President Trump has used the fate of the DREAMers as a political bargaining chip and a base-pleasing talking point, alternately claiming he wants Congress to work out a long-term solution for them while, at other times, taking to Twitter to declare the DACA program dead. His musings on DACA are woven in with his administration’s other anti-immigrant and xenophobic messages and actions, in which immigrants are routinely denigrated and ruthlessly seized for deportation—sometimes in front of their children; sometimes at a routine check-in with an immigration officer; sometimes after Border Patrol officers board a bus and start asking passengers for identification; sometimes after calling the police to report a trespasser. The willful, almost gleeful cruelty of the Trump Administration’s policies toward immigrants is apparently limitless.

DREAMing Out Loud was created by PEN America in an effort to counter the anti-immigrant sentiment on the rise in the United States and to amplify the voices of many living in this country who are marginalized because of their immigration status.
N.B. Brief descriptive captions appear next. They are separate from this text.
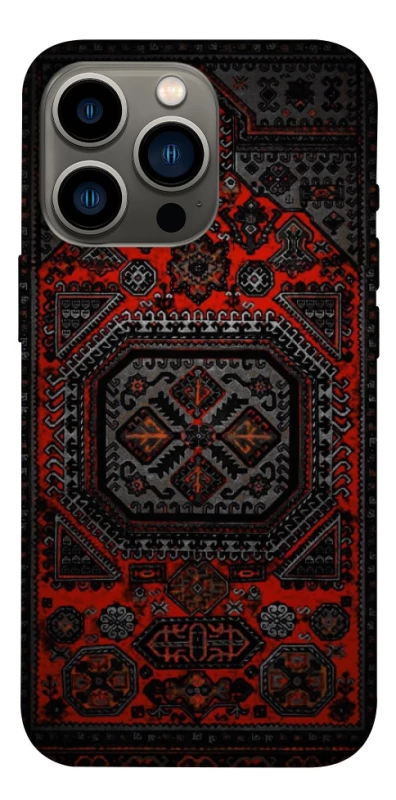 Чехол на Apple iPhone 13 Pro (6.1") Ковёр v16 фото 1 из 1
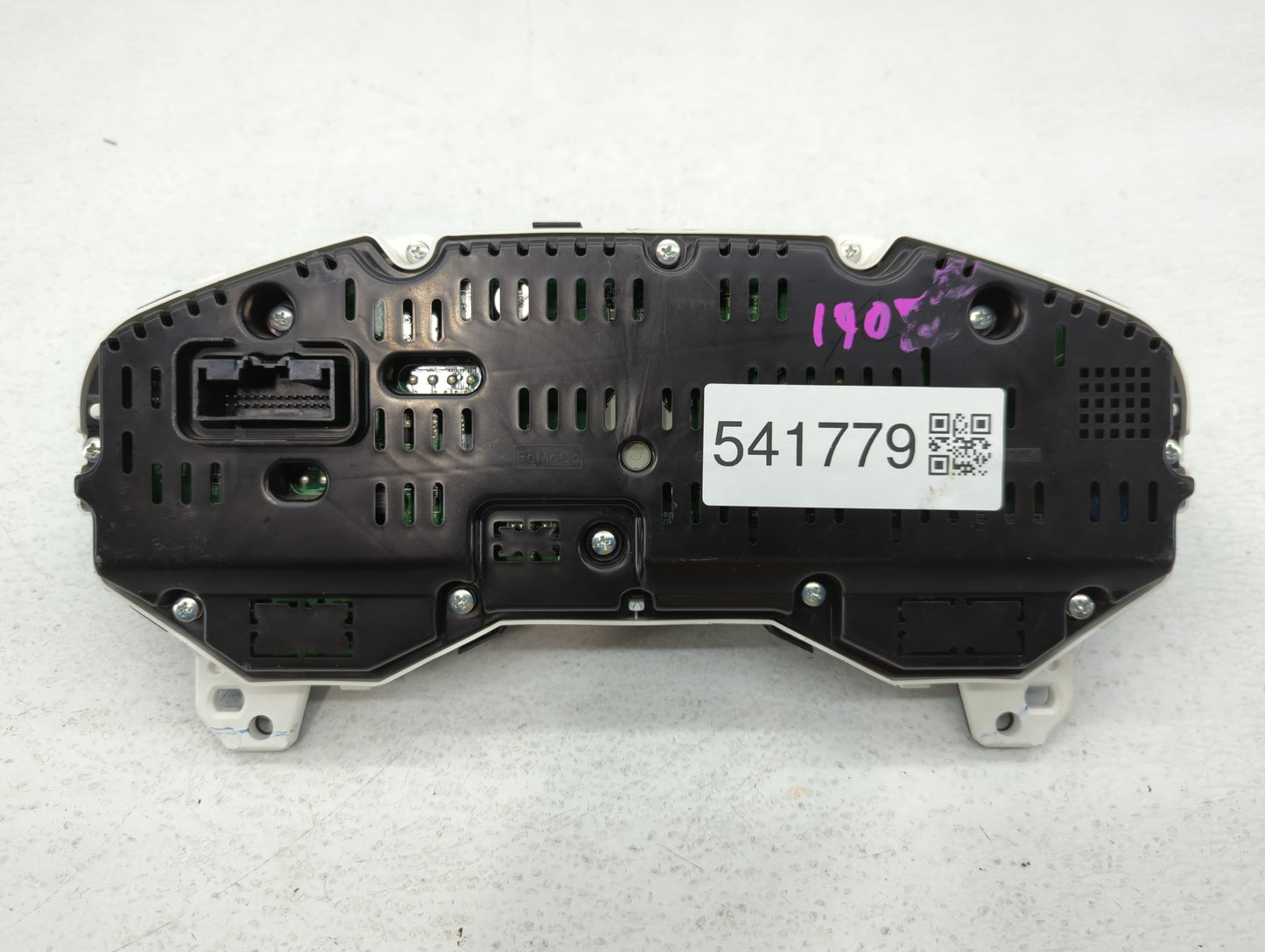 2016 Ford Fusion Instrument Cluster Speedometer Gauges P/N:GS7T-10849-JC GS7T-10849-JB Fits OEM Used Auto Parts - Oemusedaut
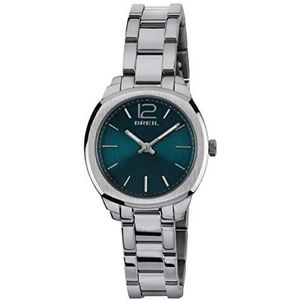 Breil - Horlogeclubs voor vrouwen, Steel-groen, Een Maat, armband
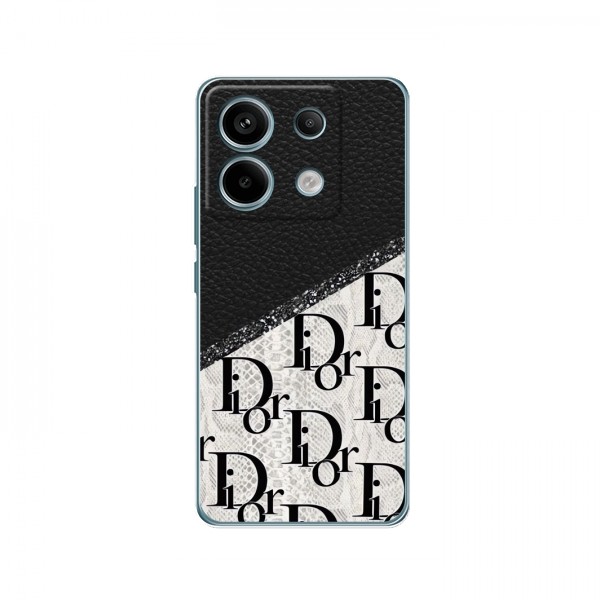 Чехол (Dior, Prada, YSL, Chanel) для Xiaomi Redmi Note 13 (4G)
It is also a potent and beautiful example of our dual mission to celebrate literature and love of writing in defense of free expression. In these powerful videos, the DREAMers’ faces remain hidden, but their voices are heard.

Defending the principles of free expression requires action far beyond ensuring that the First Amendment is respected. It requires us to actively create the kind of broad, inclusive, dynamic conversation that these principles are intended to enable. Those who champion free speech values should be working not only to uphold the strong legal protections for speech in the United States, but also to fulfill the vision of robust participation in political debate that these protections are meant to facilitate: a world in which everyone has a voice when issues of public interest and political importance are under discussion. The Trump Administration’s treatment of DREAMers—one day suggesting a deal with Congress is on the horizon and the next dashing those hopes again—leaves these young people dangling in a precarious and unpredictable position.
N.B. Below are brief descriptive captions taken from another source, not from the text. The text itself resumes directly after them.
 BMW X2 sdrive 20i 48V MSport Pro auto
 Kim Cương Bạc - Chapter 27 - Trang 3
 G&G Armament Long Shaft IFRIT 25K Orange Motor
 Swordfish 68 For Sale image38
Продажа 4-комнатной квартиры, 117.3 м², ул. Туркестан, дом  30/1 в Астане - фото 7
The uncertainty surrounding their status has driven many DREAMers into the shadows, like many of this country’s other undocumented residents. As a result, the current debate about their future is taking place largely without their own stories being heard: without the voices of the vast majority of the approximately 800,000 people in the DACA program and without the voices of other undocumented people, many of whom have lived here in the United States—working, raising families, and contributing to this country’s welfare—for years. PEN America’s DREAMing Out Loud program is one small effort to bring more of those voices into the conversation.

“This is his plan,” reads the narrator of “The Controversy of the Avocado.” “This is what he wants everyone to believe. That we are a trend that will soon die out.” With DREAM to Tell, viewers are asked to witness the stories of New York City DREAMers and to ensure that their words are lasting and that their voices remain heard.